Piping Geometry Factor

Written by Jerry Ratzlaff on . Posted in Dimensionless Numbers

Piping geometry factor, abbreviated as \(F_p\), a dimensionless number, is the pressure and velocity changes caused by fittings such as bends, expanders, reducers, tees, and Y's if directly conected to the valve.  

Piping Geometry Factor Formula

\(\large{ F_p = \frac{1}{  \sqrt{1+\frac{\Sigma K}{0.00214}  \left( \frac{C_v}{d^2}   \right)^2   }   }   }\)        

Where:

\(\large{ F_p }\) = piping geometry factor

\(\large{ d }\) = nominal valve size

\(\large{ C_v }\) = flow coefficient

\(\large{ \Sigma K }\) = algebraic sum

Solve for:

\(\large{ \Sigma K = K_1 + K_2 + K_{B1} + K_{B2}   }\)

\(\large{ \Sigma K }\) is the algebraic sum of the velocity head loss coefficient for all the fittings that are attached to the valve.

Where:

\(\large{ K_1 }\) = resistance coefficient of upstream fittings

\(\large{ K_2 }\) = resistance coefficient of downstream fittings

\(\large{ K_{B1} }\) = inlet Bernoulli coefficient

\(\large{ K_{B2} }\) = outlet Bernoulli coefficient

\(\large{ d }\) = nominal valve size

\(\large{ D }\) = pipe inside diameter (ID)

Solve for:

\(\large{ K_1  = 0.5  \left( 1 \;-\; \frac{d^2}{D^2} \right)^2   }\)     (inlet expander/reducer)

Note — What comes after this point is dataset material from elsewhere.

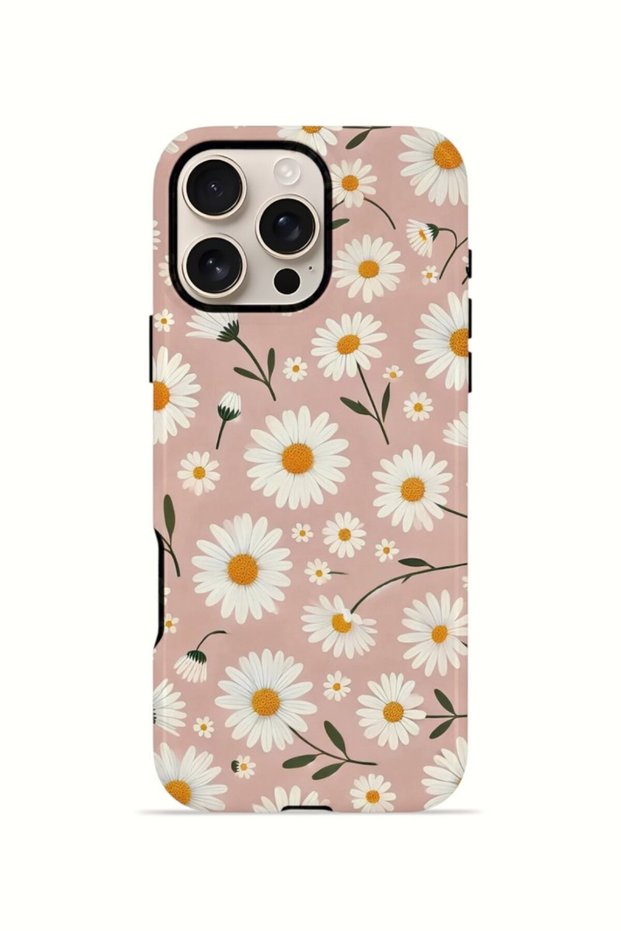 iPhone 16 Pro Vorian Double Layer Case Daisy Mocha Garden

\(\large{ K_1  = 1.0  \left( 1 \;-\; \frac{d^2}{D^2} \right)^2   }\)     (outlet expander/reducer)

\(\large{ K_1 + K_1  = 1.5  \left( 1 \;-\; \frac{d^2}{D^2} \right)^2   }\)     (for a valve installed between identical expander/reducer)

\(\large{ K_{B1} }\) or \(\large{ K_{B2}  = 1 \;-\; \left( \frac{d}{D} \right)^4   }\)

\(\large{ K_{B1} }\) or \(\large{ K_{B2} }\) are only used when the diameter of the piping approaching the valve is different from the diameter of the piping leaving the valve.